Top of Records for the exercise

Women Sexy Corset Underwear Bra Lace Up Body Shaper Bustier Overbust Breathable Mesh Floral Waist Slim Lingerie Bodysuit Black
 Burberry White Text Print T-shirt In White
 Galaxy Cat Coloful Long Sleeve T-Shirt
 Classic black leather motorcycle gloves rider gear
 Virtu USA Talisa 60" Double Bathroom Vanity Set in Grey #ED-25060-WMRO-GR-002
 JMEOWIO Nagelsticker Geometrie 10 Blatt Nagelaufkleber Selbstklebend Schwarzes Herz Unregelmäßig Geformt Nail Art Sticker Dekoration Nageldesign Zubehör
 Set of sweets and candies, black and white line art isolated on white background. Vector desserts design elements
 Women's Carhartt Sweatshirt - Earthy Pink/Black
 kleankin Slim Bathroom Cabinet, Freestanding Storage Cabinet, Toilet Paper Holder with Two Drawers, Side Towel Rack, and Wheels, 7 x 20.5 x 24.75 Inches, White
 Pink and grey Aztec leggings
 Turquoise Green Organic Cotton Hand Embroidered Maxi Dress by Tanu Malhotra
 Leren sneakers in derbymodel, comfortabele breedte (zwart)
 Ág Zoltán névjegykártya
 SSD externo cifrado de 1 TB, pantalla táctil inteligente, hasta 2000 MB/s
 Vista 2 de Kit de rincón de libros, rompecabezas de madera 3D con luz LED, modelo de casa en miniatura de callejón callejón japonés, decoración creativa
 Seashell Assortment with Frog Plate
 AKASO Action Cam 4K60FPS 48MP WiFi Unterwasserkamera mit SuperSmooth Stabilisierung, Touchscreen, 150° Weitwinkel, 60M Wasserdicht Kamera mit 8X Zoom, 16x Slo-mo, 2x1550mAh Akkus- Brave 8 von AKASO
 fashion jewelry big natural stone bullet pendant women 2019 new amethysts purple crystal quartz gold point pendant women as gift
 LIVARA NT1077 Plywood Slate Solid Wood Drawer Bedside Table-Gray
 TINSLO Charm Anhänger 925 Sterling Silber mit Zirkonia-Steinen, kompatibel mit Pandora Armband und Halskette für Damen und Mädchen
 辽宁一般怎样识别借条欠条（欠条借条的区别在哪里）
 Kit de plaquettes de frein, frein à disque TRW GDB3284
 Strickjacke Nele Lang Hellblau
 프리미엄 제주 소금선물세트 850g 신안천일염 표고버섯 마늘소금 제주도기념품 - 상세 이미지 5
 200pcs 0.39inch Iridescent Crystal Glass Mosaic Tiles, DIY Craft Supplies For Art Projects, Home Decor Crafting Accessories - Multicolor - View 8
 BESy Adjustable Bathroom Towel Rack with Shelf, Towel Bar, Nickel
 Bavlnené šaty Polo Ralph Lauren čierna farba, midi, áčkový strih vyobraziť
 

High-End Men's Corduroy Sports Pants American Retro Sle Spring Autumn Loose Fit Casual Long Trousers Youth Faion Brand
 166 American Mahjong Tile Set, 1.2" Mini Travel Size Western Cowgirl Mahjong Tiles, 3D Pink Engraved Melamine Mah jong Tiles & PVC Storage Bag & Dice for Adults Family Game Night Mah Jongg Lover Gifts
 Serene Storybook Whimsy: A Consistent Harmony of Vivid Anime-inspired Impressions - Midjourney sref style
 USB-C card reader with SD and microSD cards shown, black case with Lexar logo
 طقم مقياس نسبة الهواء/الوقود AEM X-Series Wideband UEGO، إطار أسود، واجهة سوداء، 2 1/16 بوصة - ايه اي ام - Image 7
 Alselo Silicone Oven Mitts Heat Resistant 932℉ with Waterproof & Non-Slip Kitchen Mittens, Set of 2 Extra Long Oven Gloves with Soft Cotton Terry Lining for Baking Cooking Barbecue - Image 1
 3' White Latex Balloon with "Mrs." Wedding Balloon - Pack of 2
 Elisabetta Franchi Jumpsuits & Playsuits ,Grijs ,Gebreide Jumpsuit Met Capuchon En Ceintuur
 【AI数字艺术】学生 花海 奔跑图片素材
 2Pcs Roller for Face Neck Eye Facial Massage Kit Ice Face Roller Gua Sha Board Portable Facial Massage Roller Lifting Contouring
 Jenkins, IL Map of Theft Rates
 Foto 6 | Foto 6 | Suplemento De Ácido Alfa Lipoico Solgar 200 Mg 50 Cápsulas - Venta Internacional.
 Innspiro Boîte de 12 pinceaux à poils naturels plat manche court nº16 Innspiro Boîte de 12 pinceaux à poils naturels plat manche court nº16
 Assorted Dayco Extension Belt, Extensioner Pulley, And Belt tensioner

Bottom of Records for the exercise

The expected answer is an exact copy of the lines beginning at the one with "3' White Latex" and running to the end of the entries above.

 3' White Latex Balloon with "Mrs." Wedding Balloon - Pack of 2
 Elisabetta Franchi Jumpsuits & Playsuits ,Grijs ,Gebreide Jumpsuit Met Capuchon En Ceintuur
 【AI数字艺术】学生 花海 奔跑图片素材
 2Pcs Roller for Face Neck Eye Facial Massage Kit Ice Face Roller Gua Sha Board Portable Facial Massage Roller Lifting Contouring
 Jenkins, IL Map of Theft Rates
 Foto 6 | Foto 6 | Suplemento De Ácido Alfa Lipoico Solgar 200 Mg 50 Cápsulas - Venta Internacional.
 Innspiro Boîte de 12 pinceaux à poils naturels plat manche court nº16 Innspiro Boîte de 12 pinceaux à poils naturels plat manche court nº16
 Assorted Dayco Extension Belt, Extensioner Pulley, And Belt tensioner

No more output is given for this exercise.